Datenschutz im Asylbereich

Une atteinte disproportionnée à la vie privée des personnes en quête de protection

02 juin 2020

À l’avenir, les autorités devraient pouvoir accéder aux données des ordinateurs et téléphones portables des personnes requérantes d’asile. C’est en tout cas ce que propose un projet de loi de la Commission des institutions politiques du Conseil national (CIP-N). L’Organisation suisse d’aide aux réfugiés (OSAR) rejette ce projet, qui est très contestable du point de vue de l’État de droit et de la protection des données.
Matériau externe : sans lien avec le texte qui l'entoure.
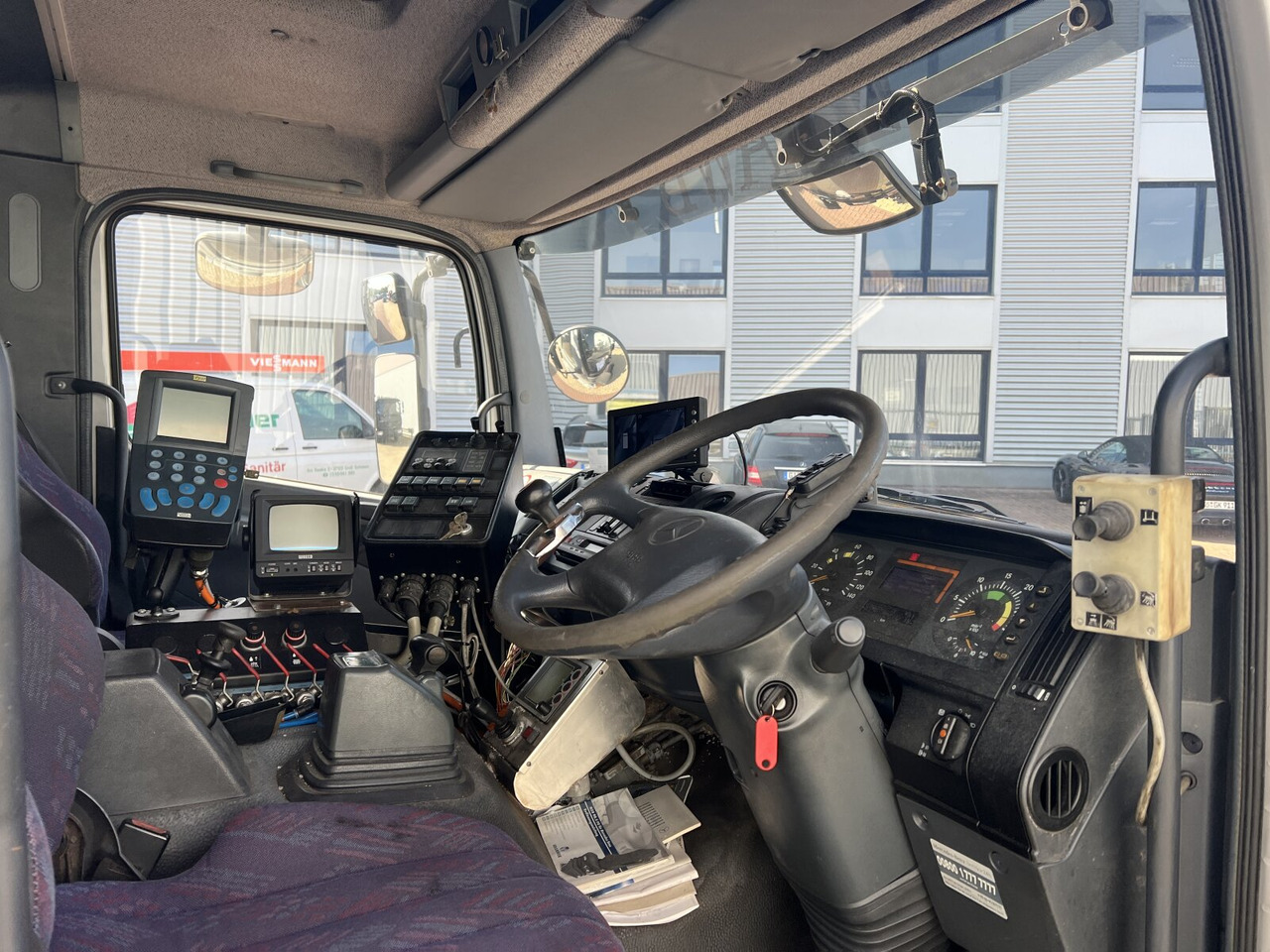 Mercedes-Benz Atego 1828 L 4x2 Atego 1828 L 4x2, Rechtslenker, Winterdienstaustattung - Camión chasis: foto 5 Mercedes-Benz Atego 1828 L 4x2 Atego 1828 L 4x2, Rechtslenker, Winterdienstaustattung - Camión chasis: foto 5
L’OSAR a pris part à la procédure de consultation sur l’avant-projet de modification de la loi concernant l’obligation de collaborer à la procédure d’asile et la possibilité de contrôler les supports de données électroniques. À ses yeux, l’avant-projet de la CIP-N entraîne une atteinte grave au droit à la vie privée, qui ne se justifie pas compte tenu des conditions requises en la matière. Le projet découle d’une initiative parlementaire du conseiller national UDC Gregor Rutz, qui propose de permettre aux autorités suisses d’accéder systématiquement aux smartphones, tablettes, ordinateurs portables et autres supports de données des personnes requérantes d’asile, dans le but d’établir leur identité et leur nationalité. L’OSAR critique vivement ce procédé: du point de vue de l’État de droit et de la protection des données, il est extrêmement contestable.

Disproportionné

Il est disproportionné de contraindre les personnes requérantes d’asile de remettre leurs supports de données électroniques afin d’établir leur identité. Les personnes requérantes d’asile ont déjà l’obligation légale de collaborer à la procédure. Elles peuvent également soumettre sur une base volontaire les données de leur téléphone portable et de leur ordinateur à des fins de preuves, telles des photographies documentant leur exil ou leurs correspondances. En outre, le Secrétariat d’État aux migrations (SEM) procède déjà à l’évaluation de données facilement accessibles, telles les profils publics de réseaux sociaux. Ces données sont tout à fait suffisantes et n’affectent en rien le droit à la vie privée. En outre, l’évaluation systématique des supports de données électroniques entraîne des coûts très élevés, qui sont disproportionnés par rapport au profit limité qu’il est possible d’en tirer. L’expérience, notamment en Allemagne, a montré que moins de la moitié des données consultées étaient utilisables et que dans un à deux pour cent des cas seulement elles profitaient de manière significative à la procédure. Par ailleurs, la proposition de loi va au-delà de la finalité visée par l’initiative parlementaire, ce qui est d’autant plus discutable: selon l’avant-projet, la consultation des données doit également permettre d’établir l’itinéraire de voyage.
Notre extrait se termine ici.